Malandras doses

Por que alguém entraria em um jogo apenas para perder? Quais razões levariam uma pessoa a empreender uma jornada somente pelo cansaço, pelas bolhas nos pés e pelas agruras do clima?
Não há sentido, a não ser que haja prazer no sofrimento ou uma imensa culpa e expiar. Mesmo nesses casos, o estímulo é um prazer, ainda que torto, ou o alívio de um fardo psicológico.

A vida é um jogo, ou uma jornada, analogias já gastas, mas eficientes. Ao se dar conta do mundo no qual está inserido, o indivíduo sabe que todos os dias perde um pouco do seu tempo, do seu vigor e da sua saúde.
Muitos, desde cedo, o sentem mesmo sem ainda racionalizar.

O tempo é desperdiçado na proporção de sua abundância, por isso, quando jovens, fazemos uso estúpido do tempo e, quando a idade avança, ficamos mais seletivos, ou pelo menos deveríamos ficar, com a entrega da nossa já escassa estadia no mundo.

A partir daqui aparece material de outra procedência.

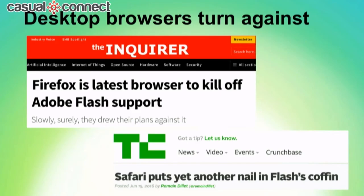But recently, Flash has been attacked from another flank: desktop browsers. The rise of media capabilities brought about by HTML5 has meant less need for the feature set provided by the Flash client. And that, combined with a number of high-profile security issues, has led browser makers to announce an end-of-life plan for Flash and really all other plug-in-based technologies.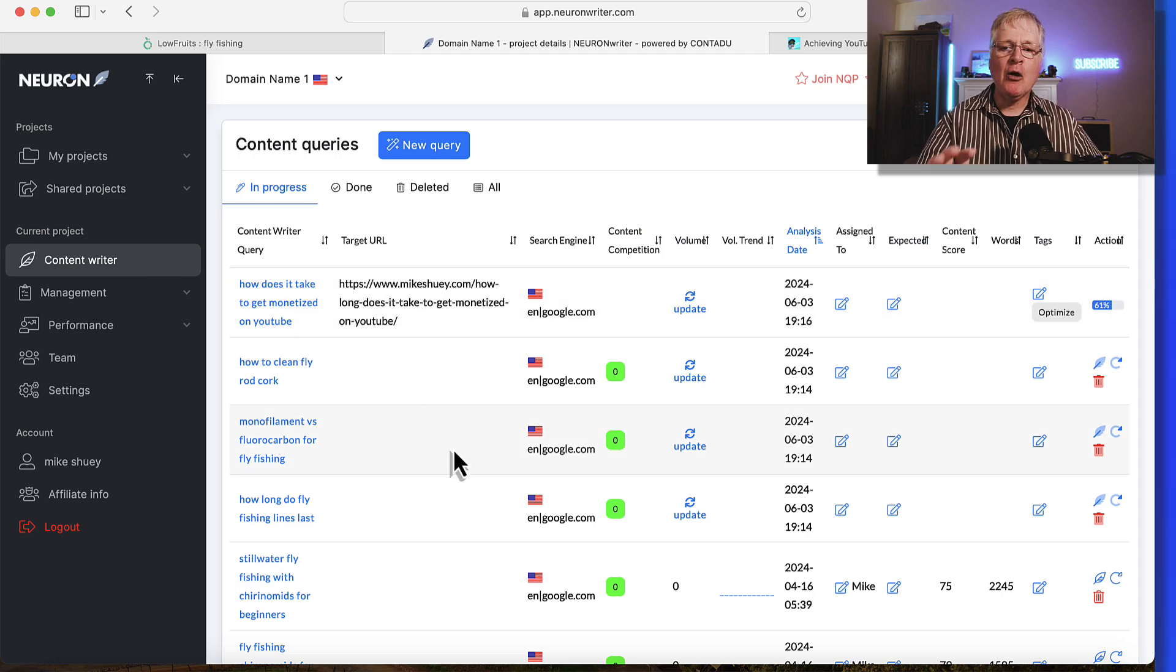I hope you found it useful because there's lots of things that are going on on this content queries page. And again, it's the basis and foundation for everything that you do in Neuron Writer. If you don't have Neuron Writer, go to the link in my video description. It'll take you to AppSumo. I'm an affiliate at AppSumo, so I will get a small commission if you make a purchase through that link. And I appreciate you supporting the channel. Until next time, take care.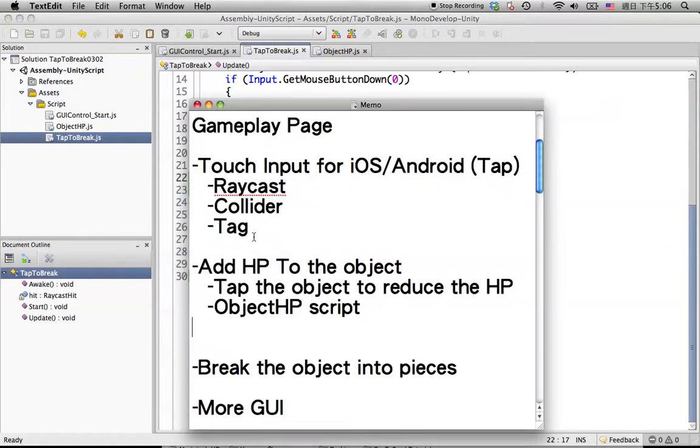For the previous tutorial, we already know how to create the touch input for iOS or Android by using the raycast, the collider, and the tag.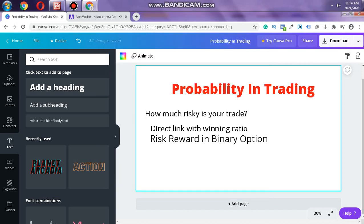Hello guys, welcome to my channel — industry psychology, support and resistance, forex, and other amazing stuff. Today we will talk about probability in trading. In this video you will learn about probability in trading, which probability is against you and which is for you — how risky your trade is, what the odds against you are, and what the odds for you are. This will definitely link with winning ratio.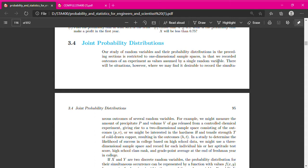Assalamualaikum. From the previous lesson, you have learned how to find the probability, or you were explaining about the probability density function, PDF, and also CDF, for a single random variable, whether it is X or whether it is Y, so for discrete and also for continuous.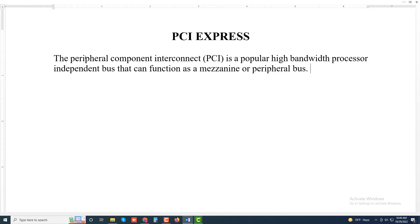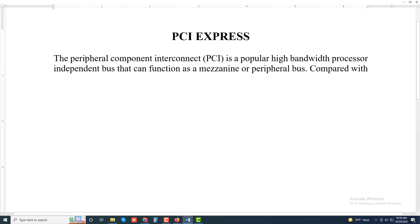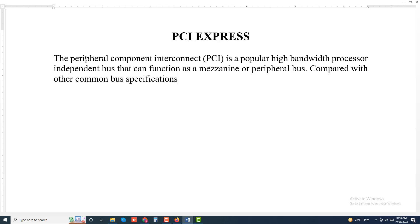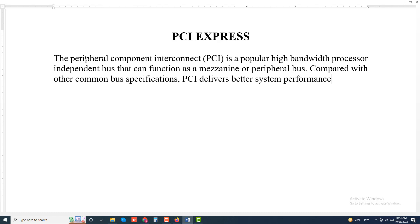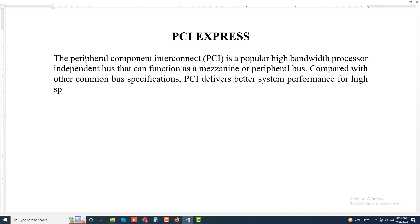Compared with other common bus specifications, PCI delivers better system performance for high-speed I/O subsystems.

O que traz ganho à vida? Muitos dirão que a vida se resume a trabalhar, prosperar, acumular bens para uma vida tranquila “no final”. Parece um plano razoável, mas tenho visto tantos fazendo deste plano um modo de perder a vida, em vez de ganhá-la, que não resisto ao questionamento.

Ainda vejo muitas pessoas presas ao “quando”: vou ser feliz quando tiver tal montante de dinheiro, vou me realizar quando tiver condições de tocar meu projeto, vou aproveitar a vida quando me aposentar. O “quando” chega, mas é quando a pessoa se dá conta de que essa espera toda não funciona, o que a leva recuperar o tempo perdido. Tempo perdido não se recupera e essa é outra armadilha que leva a uma terceira: as auto ajudas com fórmulas mágicas. “Coloque sua vida nos eixos em dez passos simples”, “Recupere seu rumo, um guia para…”.

É possível escrever um livro por mês compilando fórmulas, teorias, ideias e “rotinas dos vencedores”. Estes livros têm sua utilidade, assim como uma conversa de bar com os amigos. Não dá pra gerir a vida pelas conversas de bar, elas são um resumo, uma troca, um deleite, estímulos… são várias coisas mas não são a vida. Na ânsia de “recuperar o tempo” as fórmulas rápidas fornecem uma sensação de virada, um tesão momentâneo que logo ali vai fenecer e será necessária outra dose, outro “case de sucesso”, outro livro com um título “fodástico”.

O que falta então, senhor grande sábio, você pergunta, com justa ironia. Posso lhe dizer que acumular acervo não faz mal a ninguém. Assim como acumular dinheiro se faz com poupança diária e metódica, acumula-se conhecimento. Se dinheiro faz dinheiro, conhecimento faz sabedoria. A vida está lhe dando uma ruga por ano, lhe tirando um naco de vida por segundo, consumindo seu vigor e juventude em malandras doses indolores. Retribua! Para cada dia que a vida lhe tira, aprenda algo diferente que lhe sirva de acervo acumulado e filtro. Não há nada mais deprimente que um velho burro.